Far to many parents in the world know the heartbreak of burying a child because of diarrhea, 1.5 million children pass away each year from what in the developed world is considered a tummy flu. Those deaths come from the water supply. Drinking water is needed for life but in areas where there is no sanitation system water also means contamination.
“No innovation in the past 200 years has done more to save lives and improve health than the sanitation revolution triggered by invention of the toilet,” Sylvia Mathews Burwell, president of the foundation’s Global Development Program said in her speech at AfricaSan, the third African Conference on Sanitation and Hygiene, organized by the African Ministers’ Council on Water (AMCOW). “But it did not go far enough.
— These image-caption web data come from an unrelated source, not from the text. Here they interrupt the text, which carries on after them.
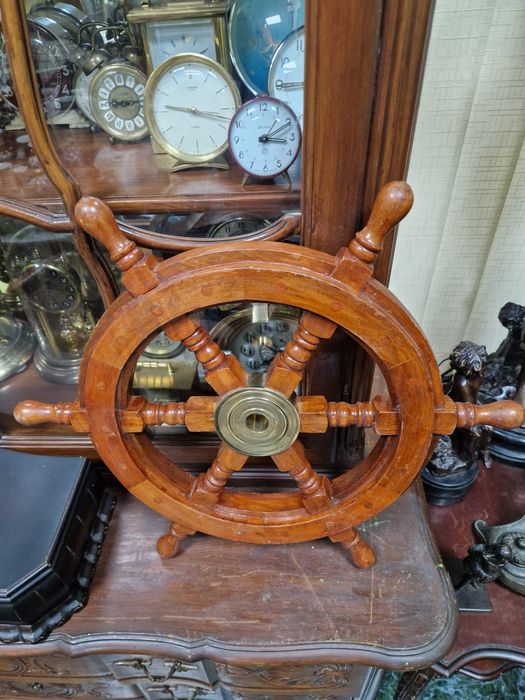 Чудесен антикварен английски дървен рул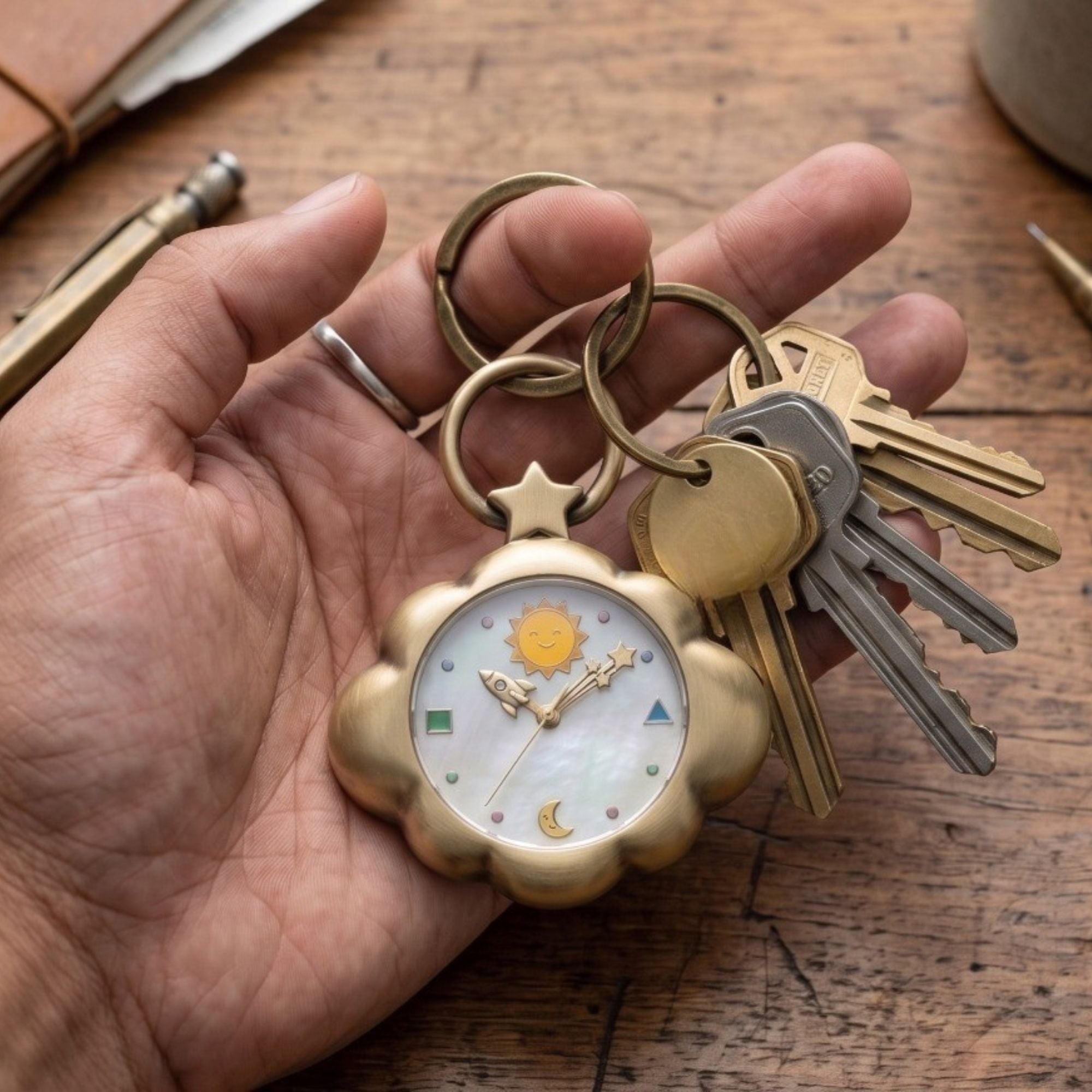 Cloud Watch Keychain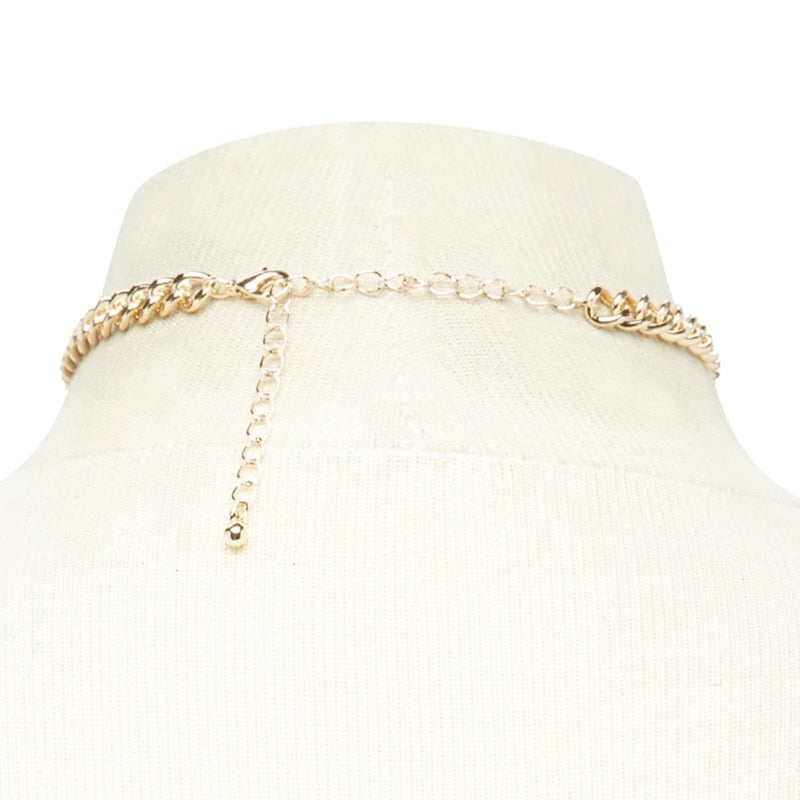 13.18 USD - Fashionable Women's Choker Necklace, Gold or Silver Heart Pendant.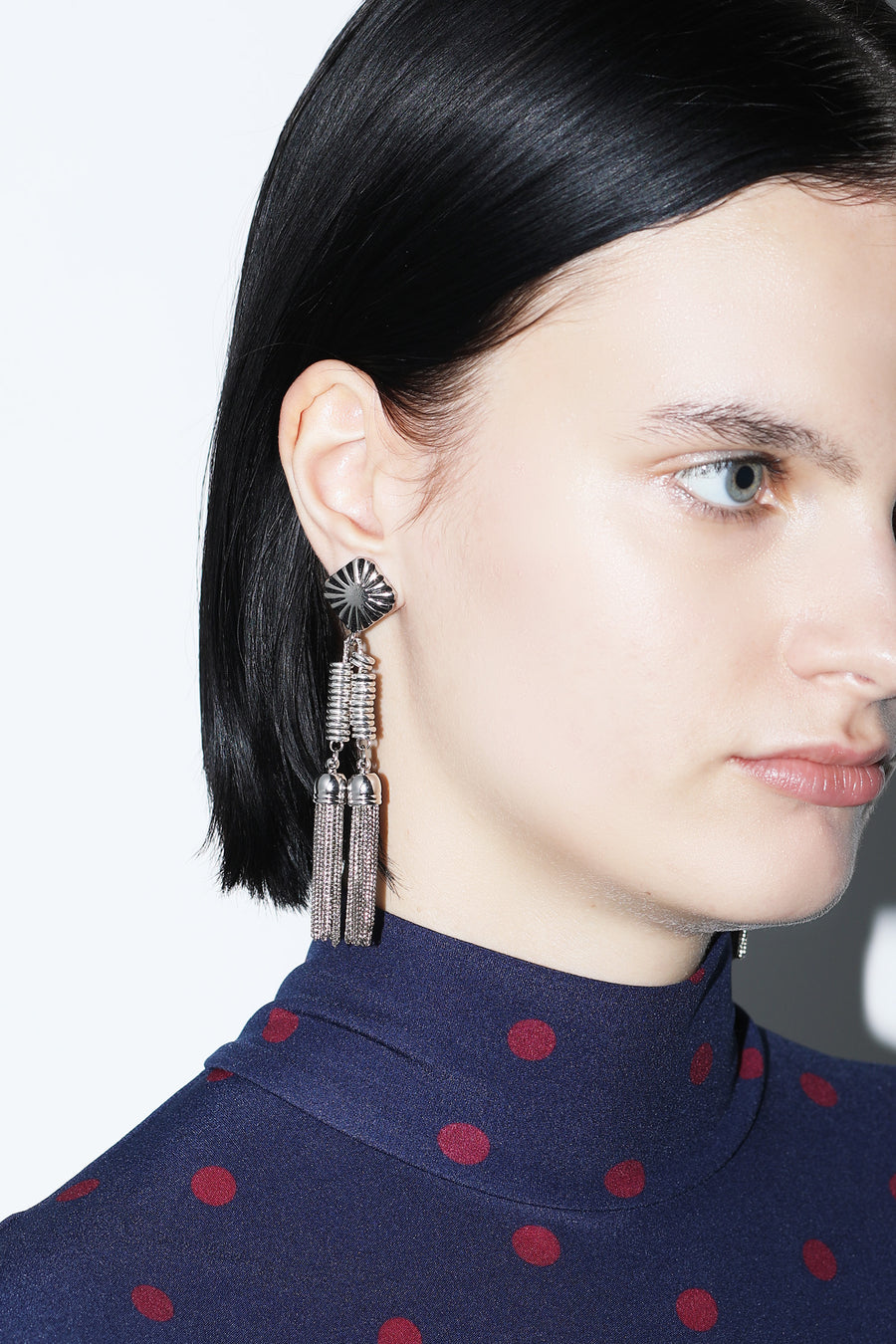 DOUBLE FRINGE EARRINGS – TOGA ONLINE STORE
It only reached one-third of the world. What we need are new approaches. New ideas. In short, we need to reinvent the toilet.”
Enter in the Bill and Melinda Gates's Foundation challenge for the world's leading universities to remake the toilet. Eight of those schools including the University of Toronto were rewarded with a grant close to $400,000 to design an off the grid commode.
The mission is to make a toilet that is able to run without water, sewage systems or electricity cheaply. Those are high stakes but there's more, it also has to be self-contained with human waste going in and clean water, carbon dioxide, mineral ash (for fertilizer) and energy comes out.
The announcement of the grant took place in Rwanda during the AfricaSan conference.
Professor Yu-Ling Cheng, Director of the Centre for Global Engineering (CGEN) at the University of Toronto, will be leading an international team.
"It is a fascinating problem," said Professor Cheng in a press release. "Those of us in the West don't give toilets much thought. But there are 2.6 billion people in the world who don't have access to safe and affordable sanitation. Lack of clean drinking water is important," said Cheng. "But the lack of a way to safely deal with human waste is even more pressing."
If the toilet can be made it would be used around the world, not just in developing communities believes Professor Cheng.
"It is a developing world problem," said Cheng, "but, really, if we could make a toilet that didn't require water, sewerage and power, and we add a splash of First World stylishness, who wouldn't want to use it in Toronto."